Clinton Dickens, 53, was 17 years old when he and an accomplice raped and murdered two college students in the woods back in 1986. A recent change in law recently allowed him to petition the state for parole. Last week, the Ohio Parole Board denied that request.
According to Summit County Prosecuting Attorney Sherri Bevan Walsh, Dickens was originally eligible for parole in 2071.
In 2021, however, Ohio passed a law that gave those who were children when they committed their offense the opportunity to apply for parole after serving between 18 and 30 years of their sentence, depending on the crime they committed. The law also outlawed the state from sentencing children to life without the possibility of parole.
“This was a horrible crime, which is still being felt to this day nearly 36 years later,” Bevans said in a Friday press release. “Wendy and Dawn were loved by everyone who knew them. It absolutely sickens me to think about what they went through.”
In August 1986, 21-year-old Wendy Offredo and 20-year-old Dawn McCreery were driving through Akron, Ohio when a large chunk of concrete was tossed from an overpass and hit the windshield of McCreery’s car. The men responsible were quick on the scene to offer their aid and assistance. Dickens, since-executed Richard Cooey–who was 19 years old at the time–and another teenager first drove the victims to a nearby payphone down the Interstate Highway 77 where Offredo would reassure her mother that everything was okay, according to Cleveland-based Fox affiliate WJW-TV.
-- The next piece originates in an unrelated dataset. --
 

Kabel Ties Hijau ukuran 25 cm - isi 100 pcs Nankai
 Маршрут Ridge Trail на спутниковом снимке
The third teen left before the violence began. But two of them stayed, taking the University of Akron students into a nearby wooded area where they were both raped and brutally murdered over the course of three-and-a-half hours. Both of the women were brutally beaten and bludgeoned. The assailants carved Xs onto their victims’ abdomens. Offredo was strangled to death. McCreery was stabbed in the neck.
A hiker discovered their bodies the next day. The crime scene didn’t originally offer much in the way of direct leads. Police did notice that the women had their jewelry stolen as well. A criminal informant eventually revealed that Cooey had been selling the jewelry–and bragging to others about having had committed the slayings.
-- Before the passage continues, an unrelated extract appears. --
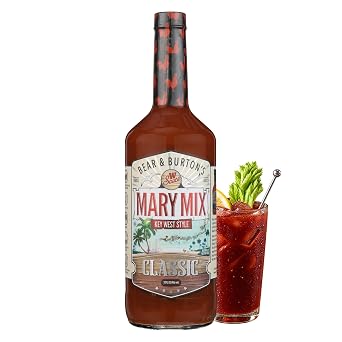Bear & Burton's Key West Style Mary Mix - Bloody Mary Mix - 32 Oz.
Authorities then connected Dickens to the crime by way of Cooey. Both men also tested positive against DNA evidence recovered from the grisly field behind the since-demolished Rolling Acres Mall.
“Cooey and Dickens are pure evil and Dickens should never be let out of prison,” the prosecutor’s statement continued. “We will continue the fight to keep him locked up and to keep the community safe.”
Cooey was killed by the state for his crimes in 2008. He filed a failed appeal that his obesity, which he blamed on prison food, made death-by-lethal-injection a form of cruel and unusual punishment, due to severely clogged arteries, under the Eighth Amendment, the Associated Press reported at the time of his death.
Dickens will be eligible for parole again in November 2026. He is currently incarcerated in the Marion Correctional Institution.